Learning how to create your own heap. Make your own malloc/free on a baremetal device and that will be a huge boost for you, confidence wise...
Others beg to differ, selling GC enabled development environments from small PICs to grown up ARM deployments.
http://www.astrobe.com/default.htm
http://www.microej.com/
https://www.aicas.com/cms/
https://www.ptc.com/en/products/developer-tools/perc
https://www.microdoc.com/ibm-websphere-everyplace-custom-env...
Some solutions even considered suitable for bare metal work by the US and French military.
And speaking of Go on bare metal, https://tinygo.org/
http://www.projectoberon.com/
https://inf.ethz.ch/personal/wirth/ProjectOberon/index.html
Sadly the ready made OberonStation boards are no longer on sale.
https://www.pvk.ca/Blog/2014/03/15/sbcl-the-ultimate-assembl...
https://github.com/cirosantilli/x86-bare-metal-examples
He has a lot of them, and you can also check out his stack overflow answers.
>Does anyone even work with assembly anymore?
in infosec, definitely
As a little bit of a different fun one:
I have a MicroPython project I'm building, a limited run toy, which live-assembles some assembler that it deploys to a co-processor which handles low power mode.
A real mix of very high level and very low level code.

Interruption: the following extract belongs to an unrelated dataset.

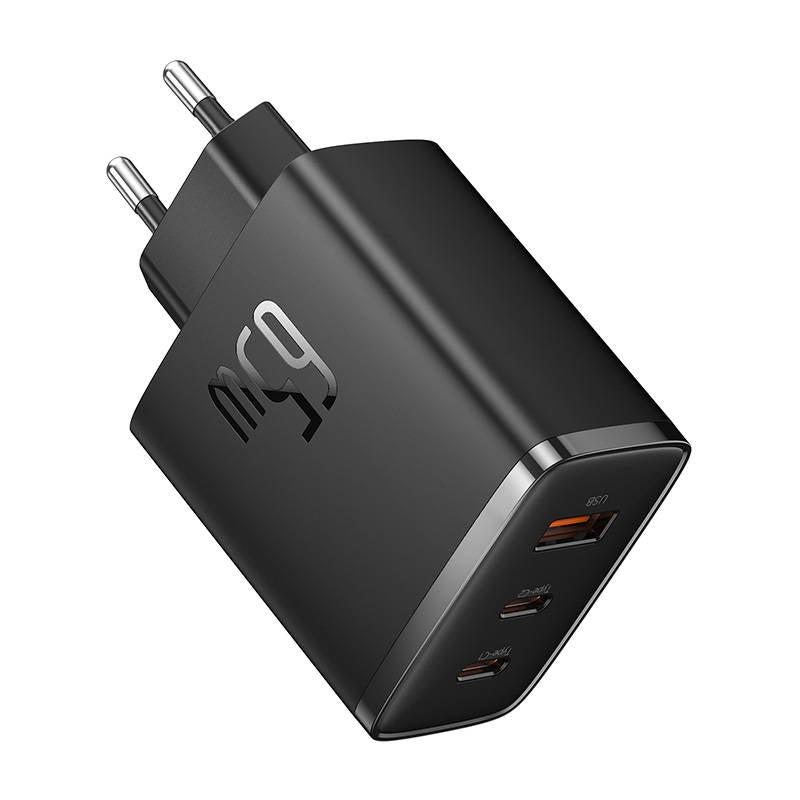 Baseus Cube Pro nätverksladdare, 65W, 3.25A, 1 x USB-A - 2 x USB-C, Svart P10152301113-00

I do so not for performance but for reducing dependencies, for building a more parsimonious stack at all levels: https://github.com/akkartik/mu/blob/master/subx/Readme.md. It's surprisingly pleasant. Lately I find myself thinking heretical thoughts, like whether high-level languages are worth all the trouble.
Otherwise the only things I've done recently have been writing a simple "compiler" for maths, converting "3 4 + 5 *" into floating-point assembly, or generating code for a toy-language.